Как это соотносится с метафизическим субъектом и волей?
Есть выражение – «воля к победе», то, что проявляют спортсмены.
Но должно быть и выражение – «воля к поражению».
Мне хотелось бы проиграть.
Эту идею нужно осмыслить во всей ее сложности и красоте.
Действительно, мужчина, настроенный на идеалистическое восприятие мира, почему-то находит, что мало что так отравляет жизнь, как соперничество.
«Маленькая задняя комната» дает соединение Шопенгауэра и Канта через определение воли и определение основания морали в поражении.
«Маленькая задняя комната» – фильм о несексуальном творчестве, где мир является проекцией характера идеалиста, а значит, существует и объясняется по законам идеализма: в этом и есть его глубокий философский смысл.
Воля к смерти, очищенная от объекта, сродни барклианскому отрицанию материи; возможно, по этой причине Шопенгауэр не стал рассматривать ее в своей работе достаточно пристально.
Воля к смерти делает мир несексуальным творчеством.

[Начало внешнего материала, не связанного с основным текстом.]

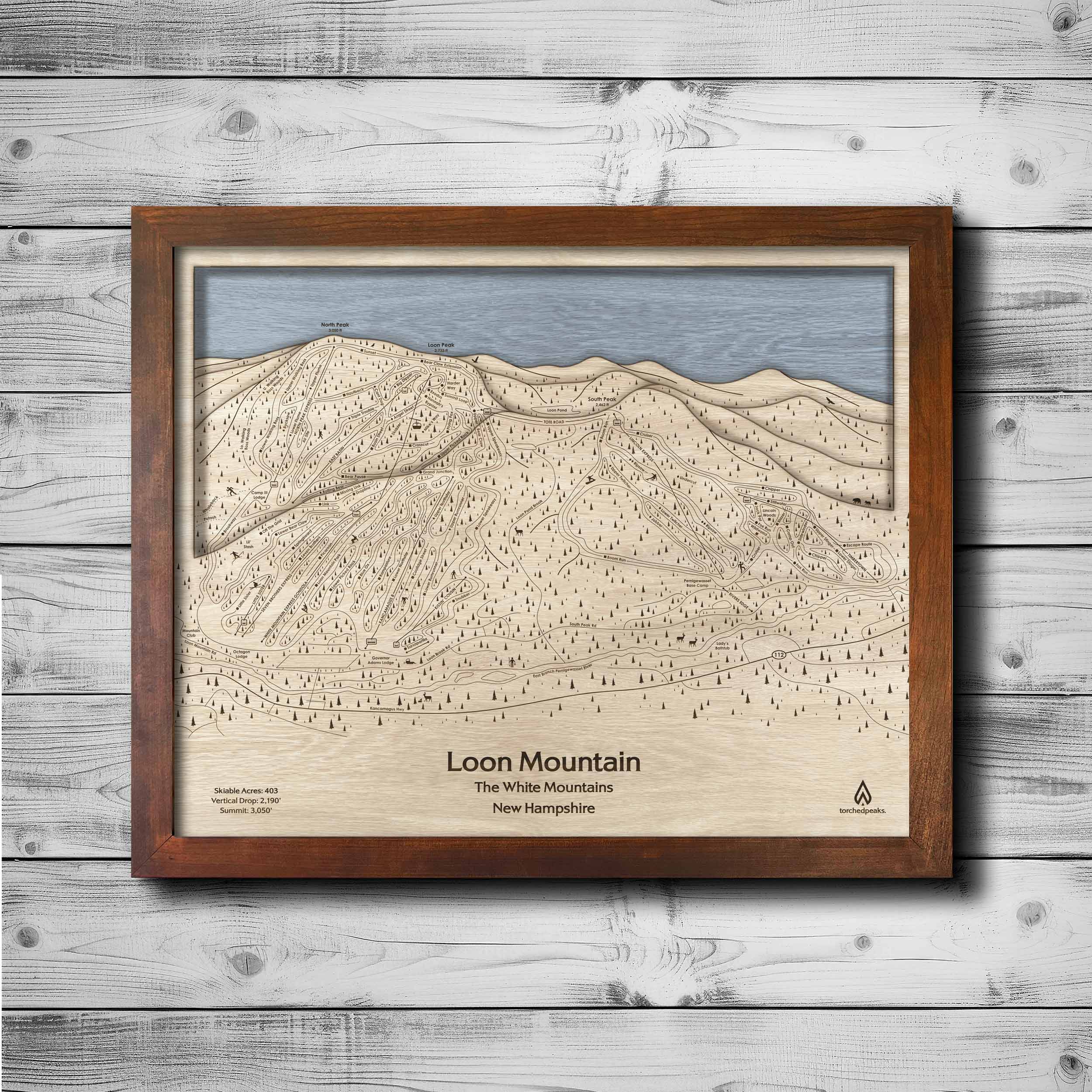 Loon Mountain Ski Trail Map | 3D Wood Ski Slope Mountain Art, Framed Wall Map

Несексуальные отношения с женщиной!
Увы, это детская мечта.
В одной сцене, которая является ключом к сюжету, собрано пожелание мужчины, чтобы женщина еще была как маленькая девочка, к которой испытываешь несексуальное желание, и сожаление об утрачиваемой с возрастом невинности.
Все отношения Сэмми и Сюзан перерастают в ссору и конфликт из-за того, что Сэмми пытается требовать от женщины мужского поведения и воли к смерти, в то время как Сюзан хочет, чтобы он стал сильнее и победил своих конкурентов, заработал денег, занял статус повыше.